Vanwege aanhoudende onduidelijkheid binnen de sector met betrekking tot de consequenties van het niet voldoen aan de voorwaarden voor derogatie, heeft de wetgever de Urm per 24 juli 2013 aangevuld met artikel 27c. De Toelichting bij de Regeling van de Staatssecretaris van Economische Zaken van 15 juli 2013, nr. WJZ / 13115244, tot wijziging van de Uitvoeringsregeling Meststoffenwet in verband met enkele aanpassingen waaronder de voorwaarden voor derogatie vermeldt hierover (Stcrt. 2013, 20 753, p. 2): “Hoewel de Urm per 1 januari 2013 verduidelijkt is ten aanzien van de voorwaarde dat de landbouwer moet voldoen aan de gebruiksnormen voor derogatie, blijkt in de sector nog steeds onduidelijkheid te bestaan over de consequenties die het niet voldoen aan de voorwaarden met zich kan brengen. Deze regeling beoogt deze eventuele onduidelijkheid weg te nemen door één van deze consequenties expliciet op te nemen in de Urm. Het overtreden van één van de voorwaarden leidt ertoe dat de landbouwer de derogatienorm niet mag toepassen en terugvalt op de norm van 170 kilogram stikstof per hectare van de tot het bedrijf behorende oppervlakte landbouwgrond. Dit stond eerder niet expliciet in de Urm aangegeven omdat dit van rechtswege reeds het geval is. Om misverstanden te voorkomen is deze consequentie alsnog ter verduidelijking opgenomen in het nieuwe artikel 27c Urm. De consequentie dat dientengevolge de boete berekend moet worden aan de hand van deze lagere gebruiksnorm vloeit hieruit rechtstreeks voort.”
Het College is van oordeel dat uit bovenstaande regelgeving in samenhang met de toelichting voldoende duidelijk volgt dat veehouders alle gebruiksnormen moesten naleven om te voldoen aan de voorwaarde bedoeld in artikel 25, vierde lid, van de Urm en dat het niet voldoen daaraan tot gevolg heeft dat terugval naar de norm in artikel 9 van de Msw plaatsvindt.
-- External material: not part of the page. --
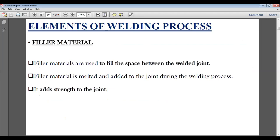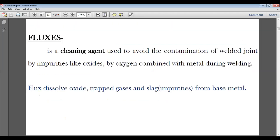The three basic elements of welding techniques are: heat, filler metal, and pressure. Filler metals are used to fill the space between the welded joint — the filler metal melts and joins during welding, adding strength. Fluxes are cleaning agents used to avoid contamination of the welded joint by impurities like oxides — flux dissolves oxides, trapped gases, and slag from waste metal. Fluxes will be discussed further in the next lecture.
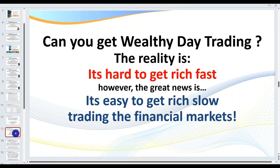Something really important that I lose a lot of traders on — I've trained over 10,000 traders and have hundreds in my live trading rooms and coaching classes — is that everyone wants to get rich quick, and it just doesn't happen. It's hard to get rich fast, but it's easy to get rich slow trading the financial markets. That means setting realistic targets.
Het College volgt derhalve niet de stelling van de veehouder dat de consequentie van het niet voldaan aan de voorwaarden voor derogatie – terugval – zich pas heeft geopenbaard met de inwerkingtreding van artikel 27c van de Urm. Voor zover er al onzekerheid had kunnen bestaan over de tekst van artikel 25, vierde lid, van de Urm, bieden de systematiek van de regelgeving en de toelichting bij deze bepaling voldoende duidelijkheid over de bedoeling van deze voorwaarde en de gevolgen van het niet naleven daarvan. Het College ziet artikel 27c van de Urm dan ook als een technische verduidelijking van hetgeen al eerder in artikel 25, vierde lid, van deze regeling is opgenomen. Van strijd met het lex certa-beginsel is gelet op het voorgaande geen sprake.
Hiermee is ook duidelijk dat bij het niet voldoen aan één van de gebruiksnormen ook in 2013 betekent dat derogatie komt te vervallen.